GOAL OF THE EXERCISE:
Output exactly the lines that run from the line with "Detailed joinery showing" to the end of the material, both ends included, and no other lines.

EXTRACTED MATERIAL:
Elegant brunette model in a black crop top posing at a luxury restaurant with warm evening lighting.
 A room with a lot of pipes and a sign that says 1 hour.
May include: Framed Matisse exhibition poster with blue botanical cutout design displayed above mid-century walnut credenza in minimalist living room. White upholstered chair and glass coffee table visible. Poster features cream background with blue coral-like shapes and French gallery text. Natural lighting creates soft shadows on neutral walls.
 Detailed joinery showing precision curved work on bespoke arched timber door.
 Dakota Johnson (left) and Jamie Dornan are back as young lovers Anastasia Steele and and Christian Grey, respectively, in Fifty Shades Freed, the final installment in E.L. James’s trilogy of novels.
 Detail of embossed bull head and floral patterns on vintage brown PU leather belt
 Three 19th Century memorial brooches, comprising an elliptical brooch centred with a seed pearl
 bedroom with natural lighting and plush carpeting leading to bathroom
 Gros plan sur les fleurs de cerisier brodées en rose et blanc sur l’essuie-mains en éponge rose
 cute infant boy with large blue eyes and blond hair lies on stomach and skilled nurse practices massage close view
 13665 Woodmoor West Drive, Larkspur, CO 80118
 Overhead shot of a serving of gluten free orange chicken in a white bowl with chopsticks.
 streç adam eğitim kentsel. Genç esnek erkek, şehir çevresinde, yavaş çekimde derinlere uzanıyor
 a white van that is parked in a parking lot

EXERCISE RESULT:
 Detailed joinery showing precision curved work on bespoke arched timber door.
 Dakota Johnson (left) and Jamie Dornan are back as young lovers Anastasia Steele and and Christian Grey, respectively, in Fifty Shades Freed, the final installment in E.L. James’s trilogy of novels.
 Detail of embossed bull head and floral patterns on vintage brown PU leather belt
 Three 19th Century memorial brooches, comprising an elliptical brooch centred with a seed pearl
 bedroom with natural lighting and plush carpeting leading to bathroom
 Gros plan sur les fleurs de cerisier brodées en rose et blanc sur l’essuie-mains en éponge rose
 cute infant boy with large blue eyes and blond hair lies on stomach and skilled nurse practices massage close view
 13665 Woodmoor West Drive, Larkspur, CO 80118
 Overhead shot of a serving of gluten free orange chicken in a white bowl with chopsticks.
 streç adam eğitim kentsel. Genç esnek erkek, şehir çevresinde, yavaş çekimde derinlere uzanıyor
 a white van that is parked in a parking lot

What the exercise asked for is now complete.